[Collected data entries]
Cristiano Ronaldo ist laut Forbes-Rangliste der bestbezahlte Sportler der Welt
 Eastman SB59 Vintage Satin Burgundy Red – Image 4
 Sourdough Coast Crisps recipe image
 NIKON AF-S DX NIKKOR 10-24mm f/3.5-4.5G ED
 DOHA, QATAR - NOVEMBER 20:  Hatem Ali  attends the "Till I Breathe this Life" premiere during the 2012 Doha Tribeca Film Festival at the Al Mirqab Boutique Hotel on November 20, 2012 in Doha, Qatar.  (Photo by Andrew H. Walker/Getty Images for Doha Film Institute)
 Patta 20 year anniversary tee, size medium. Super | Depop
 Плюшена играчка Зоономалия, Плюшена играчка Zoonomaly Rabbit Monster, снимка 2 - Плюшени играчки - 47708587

**What you need to do**. Copy verbatim the span of lines that begins with the line holding "Sourdough Coast Crisps recipe image" and ends at the last line of the records.

**Exercise output**.
 Sourdough Coast Crisps recipe image
 NIKON AF-S DX NIKKOR 10-24mm f/3.5-4.5G ED
 DOHA, QATAR - NOVEMBER 20:  Hatem Ali  attends the "Till I Breathe this Life" premiere during the 2012 Doha Tribeca Film Festival at the Al Mirqab Boutique Hotel on November 20, 2012 in Doha, Qatar.  (Photo by Andrew H. Walker/Getty Images for Doha Film Institute)
 Patta 20 year anniversary tee, size medium. Super | Depop
 Плюшена играчка Зоономалия, Плюшена играчка Zoonomaly Rabbit Monster, снимка 2 - Плюшени играчки - 47708587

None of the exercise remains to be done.